With tireless patience, my cousins pushed me as I peddled and then they would let go. The idea was that I would keep riding, unaware they were no longer supporting me but each time I crashed. It was humbling. It was embarrassing. I became mad, sad, and frustrated but also determined.
I'll never forget the moment when I peddled that bike furiously toward the corner and then realized I was riding it without help. There were still times when I lost balance and fell but I had the basics so my years of bike riding were underway.
Eventually I outgrew the small bike and a few years later, I received a 26 inch bike for Christmas, a promise made by my Pop and kept after his passing by Granny. It was bigger and when I first tried to ride it, my toes were stretched to reach the pedals. That summer, we moved to southwest Missouri and when the bike at long last joined me, delivered by my grandmother, I jumped on and rode away. I'd grown an inch or two and my desire to keep up with the other kids on bikes gave me the power to ride like the wind.

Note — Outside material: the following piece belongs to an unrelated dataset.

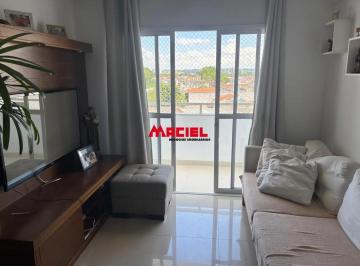 Apartamento · 94m² · 3 Quartos · 1 Vaga · Apartamento à Venda no Centro de Jacareí ? 93m² | 3 Quartos (1 Suíte) | 2 Banheiros | 1 Vaga | Lazer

I realized the other day, as my second year walking a widow's path began, that obstacles in life - such as being widowed - are a lot like riding without training wheels. It's new and it's scary. I'm afraid for someone to let go and let me ride alone although I want to, more than anything. I've reached the point where the widow training wheels are off but I'm still a bit wobbly but I am determined.
I will adjust to this stage of life and I will ride. There probably will always be a few falls, a bump or scrape or two along the way but I've got this - without training wheels.
-Lee Ann Sontheimer Murphy is the community editor for The Neosho Daily News and The Aurora Advertiser. She is also a novelist, teaches 7 and 8th grade students at church, and remains determined.